[The following is an abstract by Robert Jones of an essay which will appear in a forthcoming Machinima Reader. It informs the discussion between Robert and myself at Henry Jenkins’ blog posted here]
Similar to the pioneering hobbyists from the early days of both radio and the personal computer, creators of machinima adapted the technology of video game engines and appropriated it for their own purposes. In fact, the histories of radio and the personal computer parallel that of machinima, providing a better understanding of this growing phenomenon. Overwhelmingly, the lack of female presence in the early days of development of these technologies becomes the unifying historical trend that offers insight into the relationship between gender and technology. Only through understanding machinima’s place within the history of communication technology can we fully grasp the breadth of this phenomenon. Therefore, this article proposes to explore the role that women play in machinima’s history and demonstrate how it falls within the larger historical context of women in technology.
Dating back to early radio, the discourse around technology situated it as something to be mastered by men and to be merely used by women. Making machinima has always required some sort of technical ability whether it be simply getting the game footage in an editable video form or completely repurposing a game engine. The technical skills necessary thus served as a barrier to women, who have long internalized the cultural message that technology is for men. The origin of machinima was born out of First Person Shooters like DOOM and Quake which found their fan-base among young men. With their militaristic narratives and warrior aesthetic, FPS’s create what Jenkins (1998) identifies as a gendered play space that mostly appeals to males. To date, the most popular and commercially successful machinima series is Red vs. Blue based on Halo, the space marine FPS. Because the majority of machinima gets made within FPS’s, the lack of women producing machinima makes sense. This however changes with the introduction of The Sims 2. Maxis, the game’s developer, noticed the popularity of a photo album function within the original Sims game, whereby players were using the screenshot function to document the lives and stories of their characters. For the sequel they created an interface that allowed players to record their gameplay and easily manipulate the camera in the 3D environment, in effect turning the game into a machinima studio. In addition, Maxis marketed the moviemaking functionality through their website (creating space for players to upload their movies) and a competition (a machinima film festival). The result has been a tremendous increase in women making machinima. Jenkins would explain this as a difference in the play space. The Sims, unlike most FPS’s, has no violent element to it. Instead, it is about building and maintaining virtual relationships.

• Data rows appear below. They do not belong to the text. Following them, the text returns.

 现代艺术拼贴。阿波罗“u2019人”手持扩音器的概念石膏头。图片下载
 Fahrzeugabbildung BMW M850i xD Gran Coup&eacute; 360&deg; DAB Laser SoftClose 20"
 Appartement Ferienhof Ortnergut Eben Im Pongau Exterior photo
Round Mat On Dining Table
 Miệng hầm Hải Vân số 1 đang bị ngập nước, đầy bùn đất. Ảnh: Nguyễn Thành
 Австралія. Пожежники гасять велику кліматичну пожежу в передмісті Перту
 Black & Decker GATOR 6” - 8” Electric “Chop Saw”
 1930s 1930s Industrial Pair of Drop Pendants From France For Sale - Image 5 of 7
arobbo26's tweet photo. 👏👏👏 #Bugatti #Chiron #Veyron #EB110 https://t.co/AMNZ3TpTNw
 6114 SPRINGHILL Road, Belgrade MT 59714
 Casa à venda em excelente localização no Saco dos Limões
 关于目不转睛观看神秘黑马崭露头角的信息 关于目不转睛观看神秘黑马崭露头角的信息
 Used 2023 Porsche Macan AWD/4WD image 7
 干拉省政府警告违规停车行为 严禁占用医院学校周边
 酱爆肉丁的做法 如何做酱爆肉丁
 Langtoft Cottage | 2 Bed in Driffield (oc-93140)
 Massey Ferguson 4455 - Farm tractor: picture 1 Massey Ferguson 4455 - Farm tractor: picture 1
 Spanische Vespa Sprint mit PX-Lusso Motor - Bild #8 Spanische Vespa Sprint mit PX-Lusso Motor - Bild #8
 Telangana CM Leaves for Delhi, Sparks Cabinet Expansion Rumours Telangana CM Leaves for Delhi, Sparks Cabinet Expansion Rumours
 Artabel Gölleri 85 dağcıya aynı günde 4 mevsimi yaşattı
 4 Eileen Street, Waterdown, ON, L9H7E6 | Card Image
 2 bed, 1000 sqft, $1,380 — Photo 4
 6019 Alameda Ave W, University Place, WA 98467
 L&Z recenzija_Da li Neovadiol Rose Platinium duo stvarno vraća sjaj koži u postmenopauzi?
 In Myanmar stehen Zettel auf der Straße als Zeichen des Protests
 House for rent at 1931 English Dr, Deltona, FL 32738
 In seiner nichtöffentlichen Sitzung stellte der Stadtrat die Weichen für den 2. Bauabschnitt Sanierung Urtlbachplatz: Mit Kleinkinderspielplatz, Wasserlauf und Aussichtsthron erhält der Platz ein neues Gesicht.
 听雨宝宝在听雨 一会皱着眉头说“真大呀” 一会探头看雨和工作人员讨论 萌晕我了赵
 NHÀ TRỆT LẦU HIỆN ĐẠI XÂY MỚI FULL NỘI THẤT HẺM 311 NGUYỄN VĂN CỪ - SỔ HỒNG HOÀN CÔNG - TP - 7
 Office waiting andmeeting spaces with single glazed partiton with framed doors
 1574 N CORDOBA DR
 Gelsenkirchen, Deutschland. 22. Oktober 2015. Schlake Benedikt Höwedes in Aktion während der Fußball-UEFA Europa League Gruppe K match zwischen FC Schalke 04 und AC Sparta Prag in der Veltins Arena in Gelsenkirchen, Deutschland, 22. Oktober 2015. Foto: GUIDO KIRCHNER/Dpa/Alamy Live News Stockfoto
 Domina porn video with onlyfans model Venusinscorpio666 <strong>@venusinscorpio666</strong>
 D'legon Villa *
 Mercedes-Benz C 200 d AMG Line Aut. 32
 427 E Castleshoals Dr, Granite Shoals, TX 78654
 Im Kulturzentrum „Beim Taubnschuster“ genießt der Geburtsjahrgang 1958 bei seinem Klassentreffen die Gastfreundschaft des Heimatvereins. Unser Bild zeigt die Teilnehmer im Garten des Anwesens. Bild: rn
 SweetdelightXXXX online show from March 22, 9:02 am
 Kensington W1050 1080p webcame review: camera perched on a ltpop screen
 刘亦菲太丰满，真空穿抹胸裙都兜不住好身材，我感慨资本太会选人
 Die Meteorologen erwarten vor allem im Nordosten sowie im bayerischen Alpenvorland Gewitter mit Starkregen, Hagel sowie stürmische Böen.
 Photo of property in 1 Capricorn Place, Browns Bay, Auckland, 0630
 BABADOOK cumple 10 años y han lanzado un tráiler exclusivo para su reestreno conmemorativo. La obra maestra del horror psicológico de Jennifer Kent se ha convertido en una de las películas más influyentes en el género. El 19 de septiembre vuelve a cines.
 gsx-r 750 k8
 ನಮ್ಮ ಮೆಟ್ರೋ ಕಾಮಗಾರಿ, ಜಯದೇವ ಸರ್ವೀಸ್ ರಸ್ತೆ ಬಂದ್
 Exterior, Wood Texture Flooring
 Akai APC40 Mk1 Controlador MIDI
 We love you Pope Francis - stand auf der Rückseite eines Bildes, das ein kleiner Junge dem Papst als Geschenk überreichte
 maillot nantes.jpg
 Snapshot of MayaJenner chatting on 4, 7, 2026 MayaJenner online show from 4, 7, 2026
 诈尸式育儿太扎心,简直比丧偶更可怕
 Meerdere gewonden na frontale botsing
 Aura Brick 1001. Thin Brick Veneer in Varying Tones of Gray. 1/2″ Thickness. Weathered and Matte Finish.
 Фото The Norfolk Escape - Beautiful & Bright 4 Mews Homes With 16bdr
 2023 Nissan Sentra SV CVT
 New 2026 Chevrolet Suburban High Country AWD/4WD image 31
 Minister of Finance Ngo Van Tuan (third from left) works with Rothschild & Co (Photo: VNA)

I would certainly agree with Jenkins that the difference in the game’s content plays an important part in its popularity and by extension more machinima produced by women; however, I want to argue that The Sims 2 increased the production of machinima by women due to making the interface more user-friendly and thus accessible by women. This by no means implies an innate inability on the behalf of the women as many stereotypes would suggest. Instead, this reveals a long history of gendering technology as exclusively male. By situating machinima within this larger gendered history of technology I hope to provide a better sense of where it comes from so that we can determine where it is going.
Jenkins, H. (1998). ‘Complete Freedom of Movement’: Video games as gendered play spaces. In J Cassell and H. Jenkins (Eds.), From Barbie to Mortal Kombat: Gender and computer games, pp. 262-297. Cambridge, MA: MIT Press.